- Born: Dorit Miriam Revelis December 9, 2001 (age 24) Ashdod, Israel
- Occupation: Model
- Years active: 2016–present
- Modeling information
- Height: 5 ft 9.5 in (1.77 m)
- Hair color: Blonde
- Eye color: Green
- Agency: R&R by Roberto and Rotem (Israel) Robert (Italy) DNA Model Management (US) VIVA Model Management (Paris)

= Dorit Revelis =

Israeli fashion model

Dorit Miriam Revelis (דורית מרים רבליס; born ) is an Israeli fashion model.

Known for her distinctive curly hair, she has led many international modelling campaigns, including the global advertising campaigns for Ralph Lauren Polo, Topshop, Calvin Klein, Sonia Rykiel, Urban Outfitters, Chanel, Claudie Pierlot and Massimo Dutti, She has appeared in magazines such as British Vogue, Vogue Italia and Vogue Ukraine, while walking for Lacoste, Miu Miu and Off-White.

== Early life ==
Revelis was born and raised in Ashdod to a Jewish family. Her father Vadim Vladimir Revelis immigrated to Israel from the Caucasus in Russia, and her mother Zoya Shafir from Ukraine. She majored in math and physics at highschool, and plays classical piano. Revelis is also an awarded athlete in rhythmic gymnastics and track and field.

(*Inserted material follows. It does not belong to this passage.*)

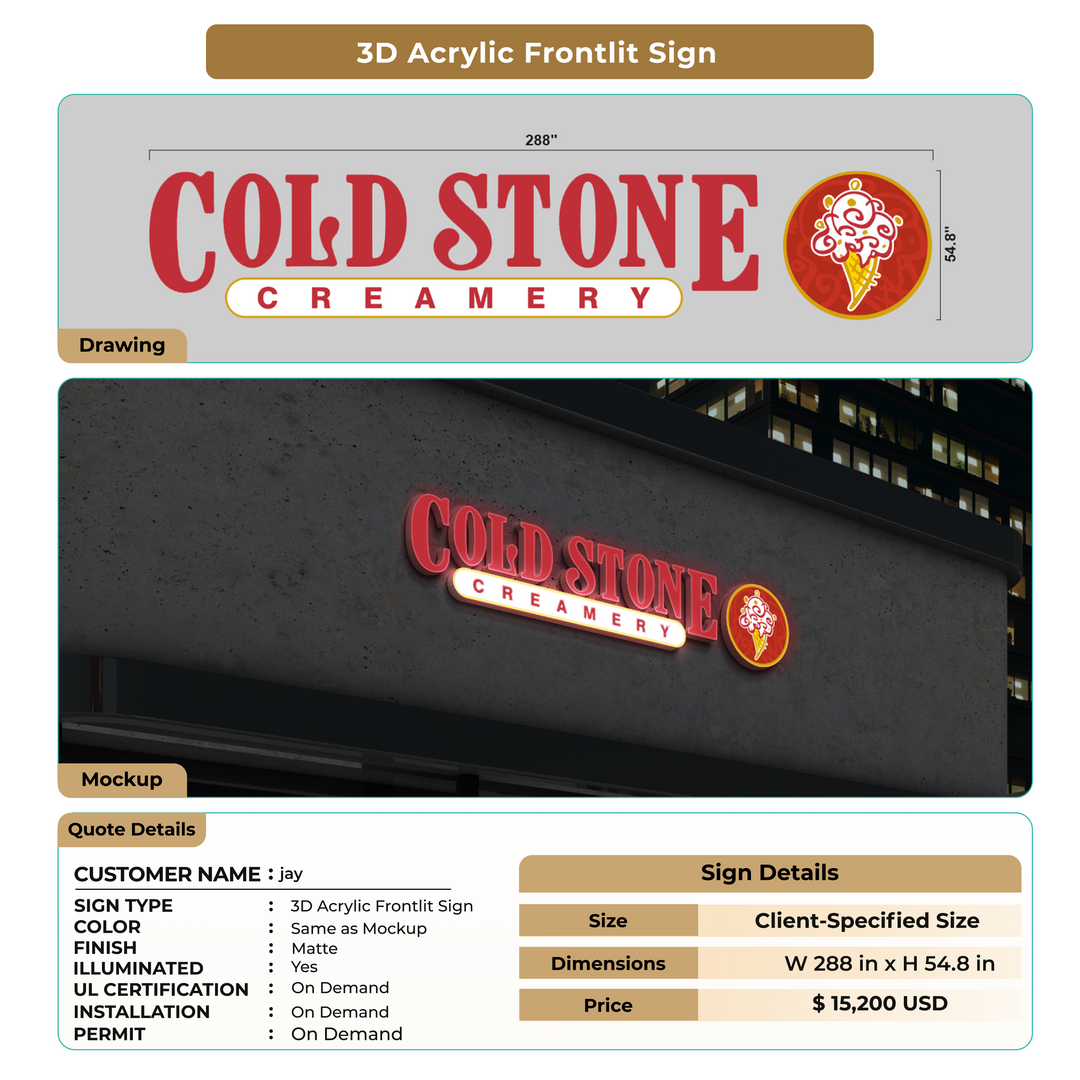 3D Acrylic Frontlit Sign For jay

She was enlisted to the Israel Defense Forces in 2020.

== Career ==

She first became a popular with photographers due to her curly hair, and her resemblance to fellow Israeli model Michaela Bercu. In 2016, she was signed in an exclusive contract to lead campaigns for Yves Saint Laurent, however, the contract was blocked by French law due to her being under 16 years old at the time. In 2017, Revelis was chosen to open Dior's Haute couture show for S/S 2017, after the Italian Renaissance theme of the show had been partly designed around her. However, this was cancelled as they believed she may look too young.

She broke out in 2017, taking part in many international modelling campaigns, including the global advertising campaigns for Ralph Lauren, where she worked alongside fellow Israeli model Sofia Mechetner. She also led campaigns for Topshop, Calvin Klein, Sonia Rykiel, Urban Outfitters, Chanel, Claudie Pierlot, Miu Miu, Massimo Dutti. She was covermodel for Russh, alongside fellow Israeli model Sofia Mechetner.

In 2018, she was signed by Zara to lead its 2018 campaigns. She was also chosen to lead the global campaign for H&M for 2018.

As of 2020, she leads the campaign of Israeli fashion brand Castro.

== Personal life ==
She began dating Israeli actor Daniel Peretz in 2022, and they reside together in Tel Aviv.